Vodafone will pay 790.8 million pounds for the spectrum, British regulator Ofcom said in a statement today. The bidders must pay any outstanding sums for the frequencies before midnight on Feb. 21.
Faster services on the 4G frequencies will begin appearing within six months, Ofcom said. The bids came in lighter than the 3.5 billion pounds that U.K. Chancellor of the Exchequer George Osborne forecast in November. Ofcom had said it wanted to raise at least 1.3 billion pounds.
“It’s a good thing that they didn’t have to spend billions more because arguably they now have more money in the bank to put into actually building the network,” said Matthew Howett, an analyst at market researcher Ovum. “If you go to the 3G auction 10 years ago, they had to spend so much money that they were able to invest very little in actually building out those networks, which is arguably why we have such poor 3G service today.”
Deutsche Telekom AG and France Telecom SA’s venture EE will pay 588.9 million pounds, according to the statement. Hutchison Whampoa Ltd’s Three bid 225 million pounds. BT Group Plc, the biggest fixed-line company in the U.K., will pay 186.5 million pounds, and Telefonica SA’s U.K. division will spend 550 million pounds.
The 3G auction in 2000 during the height of the dot-com boom raised 22.5 billion pounds.
Vodafone shares fell 0.2 percent to 163.2 pence at 8:23 a.m. in London trading. BT dropped 0.1 percent to 277.3 pence. Telefonica rose 0.1 percent to 9.81 euros in Madrid. France Telecom, which said it may spin off part of EE by the end of the year, rose 2.7 percent to 7.93 euros while its partner Deutsche Telekom declined 0.5 percent to 8.27 euros in Frankfurt.

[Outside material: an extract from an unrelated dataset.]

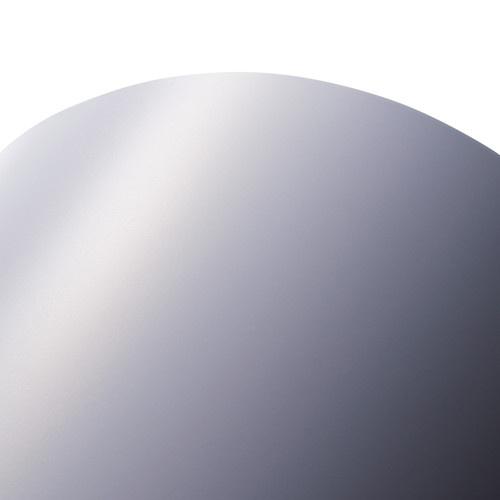 ELECOM EJK-ML2L20 写真用紙/ 写真用アートペーパー/ 微光沢/ マイクロラスター/...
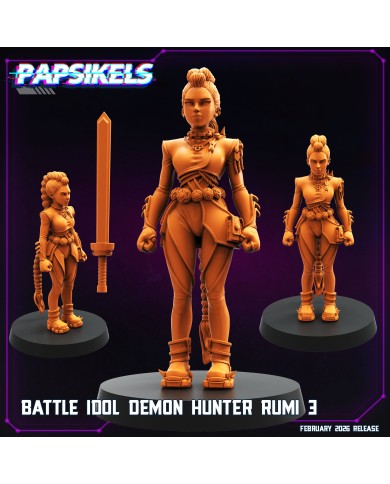 %product-name%%separator%%brand%%separator%%category%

Mobile-phone service on 4G will be several times faster than current third-generation networks and will have greater capacity, giving users the ability to use more high-bandwidth services such as video streaming or uploading large files.
The companies still must bid for their preferred position within the bands, Ofcom said. This process “will take place shortly,” the regulator said. Operators will be able to start offering services as early as the spring.
Network service supplier MLL Telecom Ltd. and Hong Kong phone company HKT didn’t submit winning bids, Ofcom said.
EE, the largest U.K. wireless carrier, was the first to begin selling 4G service last year when it rolled out the new technology on existing spectrum.
“4G coverage will extend far beyond that of existing 3G services, covering 98 percent of the U.K. population indoors -- and even more when outdoors -- which is good news for parts of the country currently under-served by mobile broadband,” Ofcom Chief Executive Officer Ed Richards said in the statement.